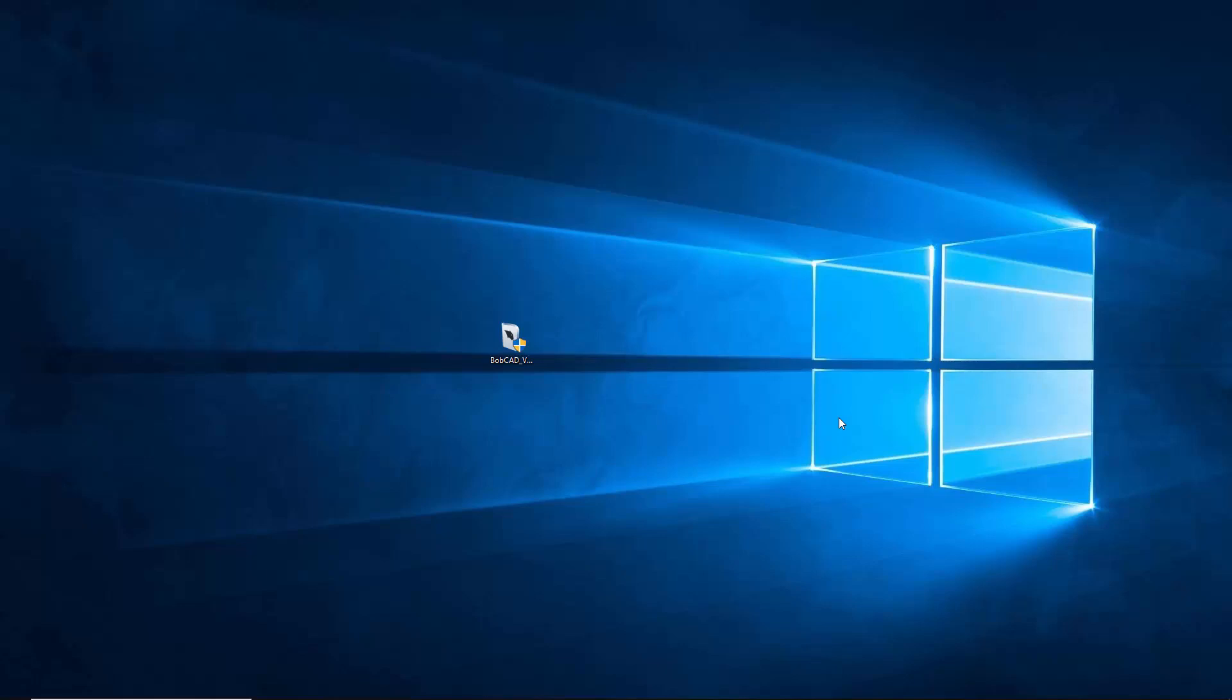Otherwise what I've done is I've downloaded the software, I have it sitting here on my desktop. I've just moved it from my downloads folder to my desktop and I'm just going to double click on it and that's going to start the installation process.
---
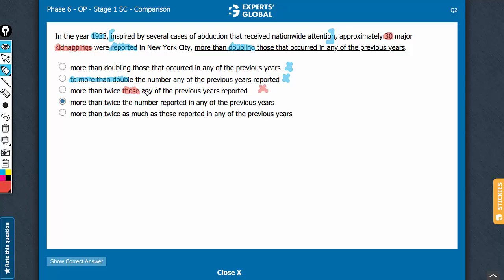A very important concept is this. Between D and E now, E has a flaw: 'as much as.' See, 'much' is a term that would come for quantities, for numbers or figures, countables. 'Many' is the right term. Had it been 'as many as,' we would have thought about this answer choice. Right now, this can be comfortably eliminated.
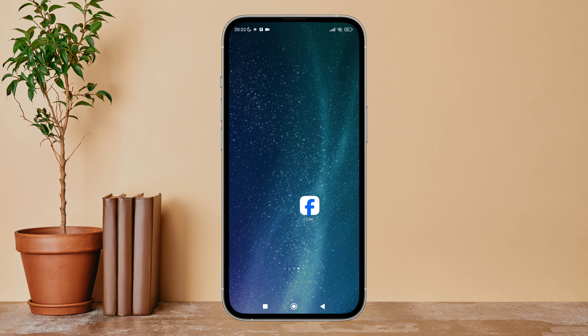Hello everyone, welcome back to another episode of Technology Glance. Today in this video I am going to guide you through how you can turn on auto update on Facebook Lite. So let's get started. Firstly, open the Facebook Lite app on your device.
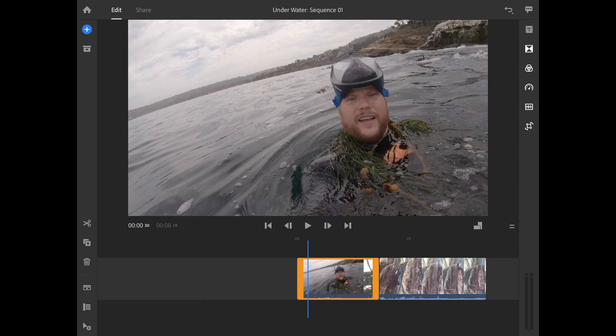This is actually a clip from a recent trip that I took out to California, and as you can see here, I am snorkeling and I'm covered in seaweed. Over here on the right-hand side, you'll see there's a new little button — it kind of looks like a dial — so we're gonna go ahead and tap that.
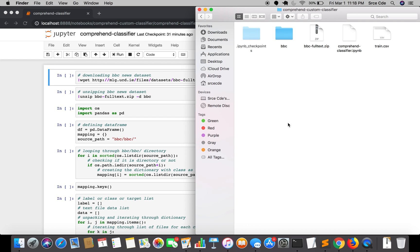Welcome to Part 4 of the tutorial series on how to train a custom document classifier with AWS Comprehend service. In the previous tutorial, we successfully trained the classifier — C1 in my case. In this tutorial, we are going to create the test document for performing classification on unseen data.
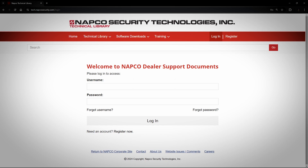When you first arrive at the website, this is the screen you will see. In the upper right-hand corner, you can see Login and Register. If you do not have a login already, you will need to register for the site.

*THE TASK*.
Above are the records. Copy only the lines from the one with "A very important" through the one with "This is actually", exactly, with no pictures.

*WORKED SOLUTION*.
A very important concept is this. Between D and E now, E has a flaw: 'as much as.' See, 'much' is a term that would come for quantities, for numbers or figures, countables. 'Many' is the right term. Had it been 'as many as,' we would have thought about this answer choice. Right now, this can be comfortably eliminated.
Hello everyone, welcome back to another episode of Technology Glance. Today in this video I am going to guide you through how you can turn on auto update on Facebook Lite. So let's get started. Firstly, open the Facebook Lite app on your device.
This is actually a clip from a recent trip that I took out to California, and as you can see here, I am snorkeling and I'm covered in seaweed. Over here on the right-hand side, you'll see there's a new little button — it kind of looks like a dial — so we're gonna go ahead and tap that.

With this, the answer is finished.